Presentation Overview: Show

Understanding the role of adaptive immune cells (i.e. T and B lymphocytes) in the immune system is key to treating a range of diseases from autoimmune disorders to cancer and improving vaccination. Recent biotechnological advancements enable spatial mapping of T and/or B cell receptor sequences (VDJ sequences) within tissues, offering insights into spatially resolving clonal diversity with respect to tissue morphology and gene expression.

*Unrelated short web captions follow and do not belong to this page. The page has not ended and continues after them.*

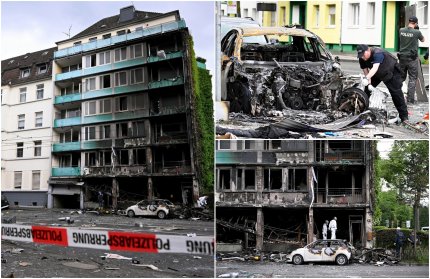 Trei oameni morți și cel puțin 16 răniți, după o explozie masivă la parterul unui bloc din Germania. Flăcările masive au distrus aproape toată clădirea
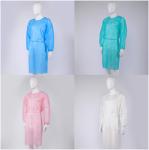 Cotton Disposable Lab Coats Doctors Nurses Men Women Pink Hospital Gown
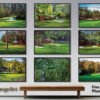 The Open The Old Course Royal and Ancient Golf Club Swilcan Bridge St Andrews Links Swilken Bridge Golf Hole Oil Painting Wall Art Print StAndrws18RiOil40 25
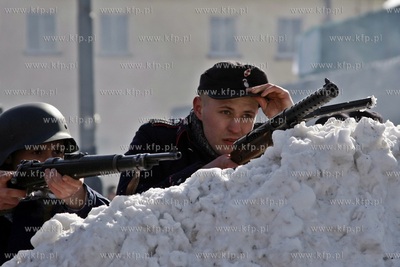 Inscenizacja bitwy o Sopot na terenach zamknietego...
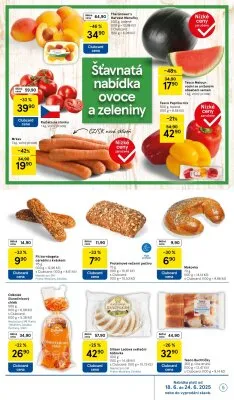 akční leták Tesco 18.6.2025-24.6.2025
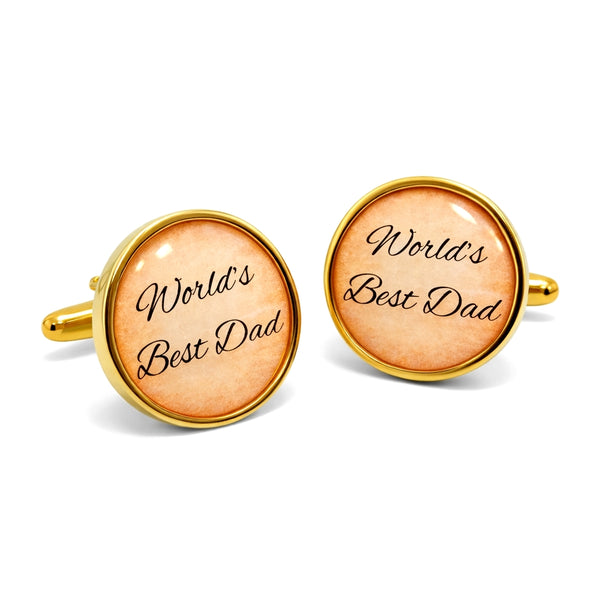 Manchetknopen World's Best Dad
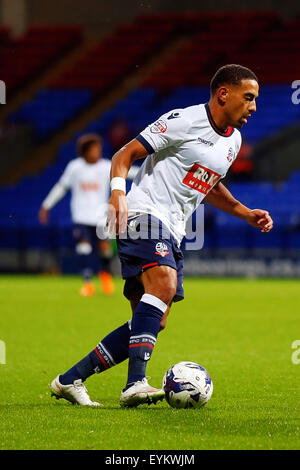 Bolton, Engand. 31 juillet, 2015. Pré saison Friendly Bolton United contre Charlton Athletic. Liam Feeney de Bolton Wanderers marqueur de son deuxième but des équipes d'Action Crédit : Plus Sport/Alamy Live News Banque D'Images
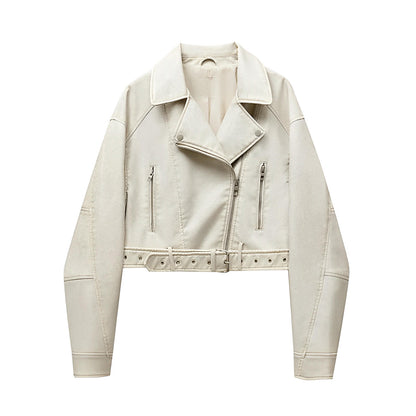 BIKER DE PIEL SINTÉTICA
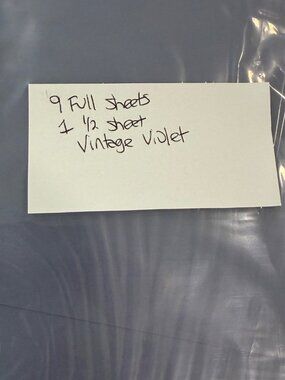 Vintage Violet Stampin' Up! Cardstock 9 Sheets 8.5x11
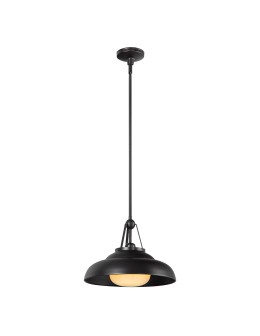 Quintiesse Lampa wisząca Palmetto 1 źródło światła Miejski brąz Elstead Lighting QN-PALMETTO-P-M-UBZ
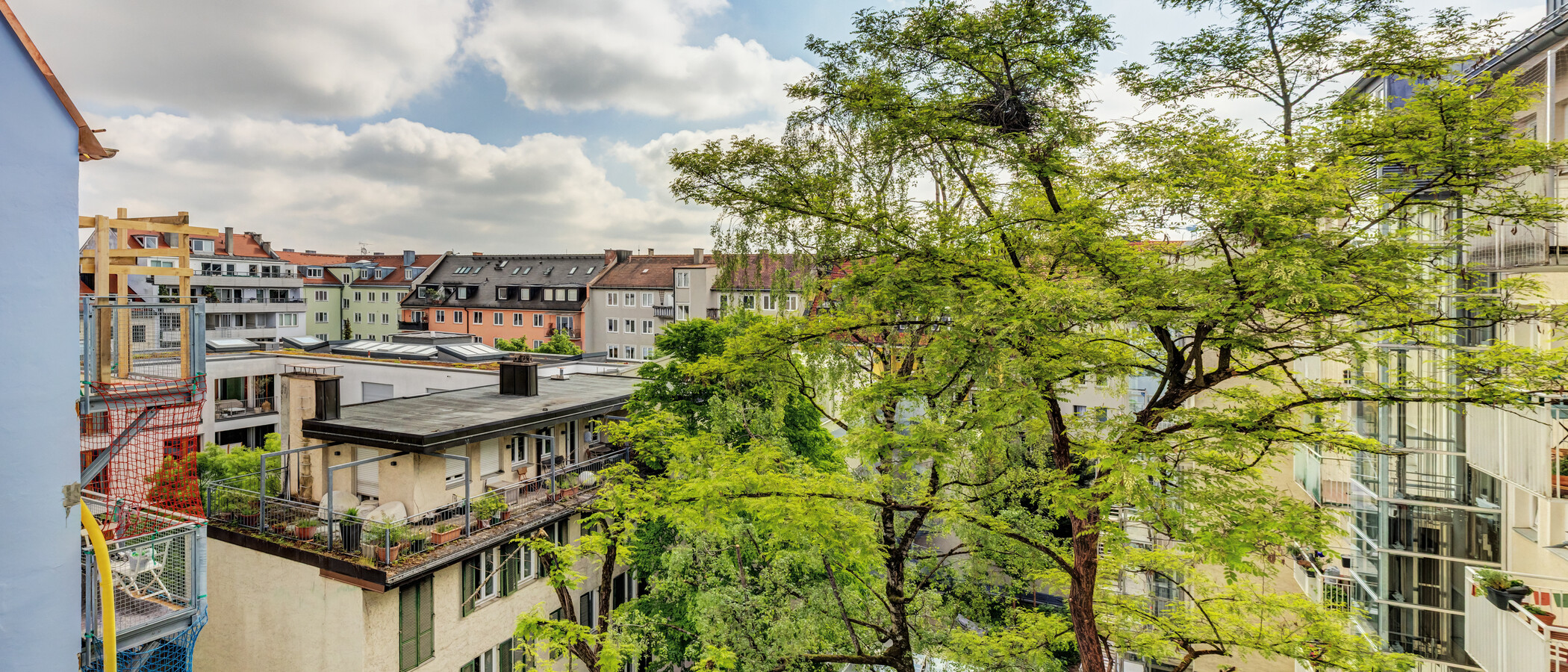 квартира München Maxvorstadt - Universitätsviertel 01 вид из окна 14853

However, existing computational tools for VDJ analysis primarily focus on single-cell or bulk VDJ sequencing data, necessitating novel methodologies to comprehensively understand how these antigen receptors relate to cellular patterns and signaling.
In this study, we propose a computational strategy to elucidate immune-related sets of intra- and intercellular signaling relationships at a spatial resolution, leveraging both spatial and sequence-based similarities inherent in the adaptive immune repertoires of T and B lymphocytes. Cell deconvolution techniques were first employed to infer the cell-subset-specific expression profiles of genes within the spatially resolved gene expression data. Next, gene co-expression networks were constructed based on the gene expression profiles of individual cell subsets, alongside T-cell and B-cell clonal networks derived from the similarities in clonal sequences. These networks were subsequently integrated into multilayer networks based on the spatial co-localization patterns of tissues. Finally, cross-network community associations were calculated by employing deep multi-graph clustering, thereby unraveling both intracellular signaling dynamics (intralayer relationships) and intercellular communication modalities (interlayer relationships).
This approach promises profound insights into immune dysregulation, facilitating the exploitation of antigen-specific clones for tailored cellular and antibody-based therapies.